Rien n’est jamais sûr à cent pour cent, mais je suis presque certain de continuer à utiliser des samples de batterie et du turntablism, même si ça n’apparait pas dans chacun de mes morceaux. Mais au-delà de ça, c’est difficile à dire parce qu’une grande partie de la réponse est liée à l’évolution de ma vie en général. Si on prend cet album, il y est souvent question de ma femme, du début de notre relation, du fait que je l’ai demandé en mariage etc… Tout fini par être lié. La chanson « She Said Yes », par exemple, devait être très calme, très douce, je voulais vraiment que le résultat soit magnifique, c’est pour ça que j’ai autant adouci le sample de batterie, que j’ai rajouté du piano, des cordes et d’autres éléments encore. Ça, c’est un processus dont j’aurai toujours besoin: partir d’une idée que je souhaite exprimer pour ensuite adapter mes textes et ma voix. Je vois ma musique comme une sorte d’extension de moi-même.

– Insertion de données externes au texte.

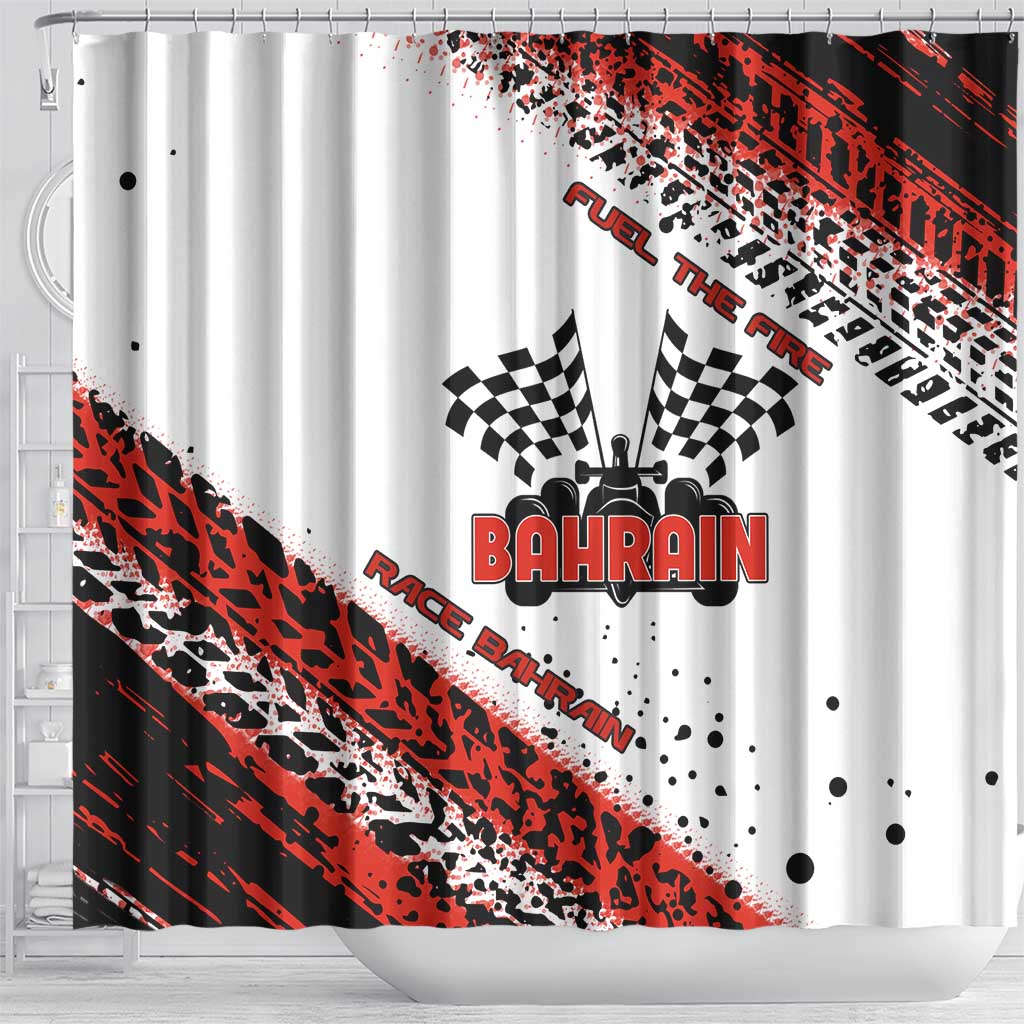 Formula 1 Inspired Bahrain Race Shower Curtain with Checkered Flag Print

Quel disque a changé ta vie?

Si je devais ne citer qu’une chanson, je dirais « Trans Europe Express » de Kraftwerk. Mais pour ce qui est des albums, c’est « Yo ! Bum Rush The Show » de Public Enemy. Pour moi il est encore plus puissant que « It Takes A Nation Of Millions To Hold Us Back » qui est généralement cité. Comme je le disais tout à l’heure, quand j’étais plus jeune, j’appréciais surtout la musique qui faisait travailler mon intellect, et je crois qu’en la matière rien n’a jamais été aussi fort que cet album. Pas seulement à cause des textes, mais aussi de la musique telle qu’elle était composée. Je crois qu’aucune autre musique ne m’a jamais donné un tel sentiment lorsque je l’ai entendu pour la première fois. Je me souviens de l’espèce de sirène qui parcourait le morceau « Public Enemy No 1 » du début à la fin, et quand j’ai entendu ça mon cerveau a explosé. Cet album a vraiment changé ma vie dans la mesure où il m’a ouvert les yeux sur ce que la musique pouvait être.